Dealing with the Uncertainty in Scientific Results
MOST EVIDENCE IN the empirical sciences is statistical in nature, and scientists rely on a variety of statistical tests to distinguish valid scientific discoveries from spurious ones. Unfortunately, there is a growing recognition that many important research findings based on statistical evidence are not reproducible, raising the question of whether there is a gap between what these statistical tests ensure and the way they are used. Communications of the ACM, April 2017, Building a Safety Net for Data Reuse.
I like to use the example of a hammer. If I hit you on the head with the hammer, how do I know it hurts? Do I need a randomized double blind study with 100 people to decide if hitting you on the head with a hammer actually hurts you? No, probably not.
Why then do we need all these fancy statistical tests and meticulous study designs? Because many things of interest are not as black and white as a hammer blow to the head. We need more subtle measures to see if something makes a useful difference. If something we do can improve things by 10%, for example, then that might be useful. Most things will continue on as normal, but that improvement of 10%, say of people not dying of cancer, is quite possibly worth doing. The problem arises when we use these techniques to justify products, such as drugs, where the only way we can argue that they are useful is by some arcane numbers and not by being able to observe the improvement directly.
I like the statins example. I read an MD saying that statins are so effective that they should be in the water supply. Yet, it takes 300 people treated with statins to statistically detect that one less person had a heart attack. We can’t tell which person it was, we can only claim the number based upon studies using the drug. The irony is that while we can’t tell who was helped, we can tell which group was taking the statins from the control group who took a placebo. How? By all the side effects and reduced quality of life the statins group suffered.
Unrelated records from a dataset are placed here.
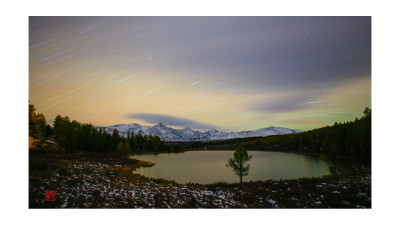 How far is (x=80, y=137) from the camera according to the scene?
2395 inches

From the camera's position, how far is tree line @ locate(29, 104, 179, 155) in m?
21.3

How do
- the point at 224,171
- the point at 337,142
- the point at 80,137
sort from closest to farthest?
the point at 224,171
the point at 337,142
the point at 80,137

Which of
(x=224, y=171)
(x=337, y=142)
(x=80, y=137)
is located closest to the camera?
(x=224, y=171)

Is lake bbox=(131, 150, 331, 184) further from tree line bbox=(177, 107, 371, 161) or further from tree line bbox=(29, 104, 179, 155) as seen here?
tree line bbox=(29, 104, 179, 155)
I recall another study where the difference in cancer survivors was something like 33% instead of 31% without the tested treatment. The quality of life for the treated population was notably less than the untreated, due to the side effects of the treatment which I believe was chemotherapy. I concluded, based upon the small differences in these results, that I would probably take the chance and not be treated.
I had already done something similar in my life. I was told that I had thyroid cancer and needed to have my thyroid removed. After some terrified and frenzied research I discovered that while taking the thyroid out was the standard approved practice, that only 20-30% of the thyroids removed actually had cancer. This meant that I had a 70-80% chance of no cancer nor having to have surgery nor having to take a daily pill for the rest of my life. I went with the odds, kept my thyroid, and I have been cancer free for over 5 years.
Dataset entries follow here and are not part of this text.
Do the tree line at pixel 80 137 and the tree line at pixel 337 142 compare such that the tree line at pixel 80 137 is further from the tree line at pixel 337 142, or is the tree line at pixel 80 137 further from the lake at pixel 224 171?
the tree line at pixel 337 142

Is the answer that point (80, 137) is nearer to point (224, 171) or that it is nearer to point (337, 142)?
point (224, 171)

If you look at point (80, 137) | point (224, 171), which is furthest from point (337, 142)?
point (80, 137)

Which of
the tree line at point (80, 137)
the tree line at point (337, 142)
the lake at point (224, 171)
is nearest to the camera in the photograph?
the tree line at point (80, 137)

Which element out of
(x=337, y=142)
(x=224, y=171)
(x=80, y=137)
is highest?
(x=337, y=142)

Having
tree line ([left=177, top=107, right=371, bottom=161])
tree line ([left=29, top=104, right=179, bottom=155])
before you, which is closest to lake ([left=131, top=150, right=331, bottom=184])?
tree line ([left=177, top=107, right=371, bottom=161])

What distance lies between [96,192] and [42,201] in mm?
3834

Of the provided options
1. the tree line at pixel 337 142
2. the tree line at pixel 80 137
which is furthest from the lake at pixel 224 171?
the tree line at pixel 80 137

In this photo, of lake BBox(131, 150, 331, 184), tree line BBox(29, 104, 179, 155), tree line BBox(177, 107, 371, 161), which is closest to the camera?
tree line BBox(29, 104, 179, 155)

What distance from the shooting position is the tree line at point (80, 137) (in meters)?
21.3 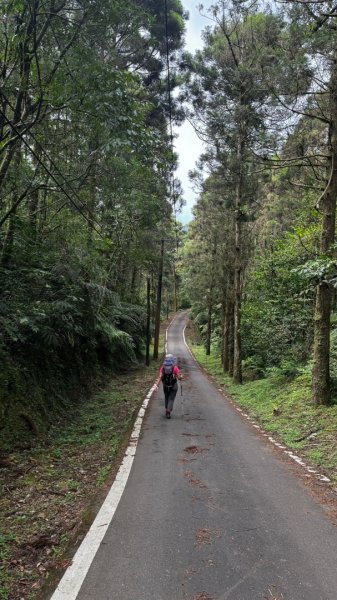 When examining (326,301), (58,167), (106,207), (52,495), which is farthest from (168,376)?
(106,207)

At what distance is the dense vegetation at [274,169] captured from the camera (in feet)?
30.8

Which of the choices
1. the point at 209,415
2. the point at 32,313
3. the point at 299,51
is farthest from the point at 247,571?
the point at 299,51

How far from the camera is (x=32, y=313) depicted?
821cm

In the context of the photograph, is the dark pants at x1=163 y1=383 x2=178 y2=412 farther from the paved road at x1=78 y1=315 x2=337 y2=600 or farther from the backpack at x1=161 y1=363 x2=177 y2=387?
the paved road at x1=78 y1=315 x2=337 y2=600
Statistics are a wonderful tool and even simple averages have provided us with profound insight that helped us launch projects to new levels of success. However, it is too easy to mislead people and regulators with assurances based upon standard practices and statistically driven studies. Studies where there may be little or no real observable value except for the barely significant, often unreproducible, statistical occurrence that however produces significant income when getting people to use these practices.
Do the numbers behind your project tell a realistic story or are they simply the standard acceptable but meaningless numbers that everyone uses?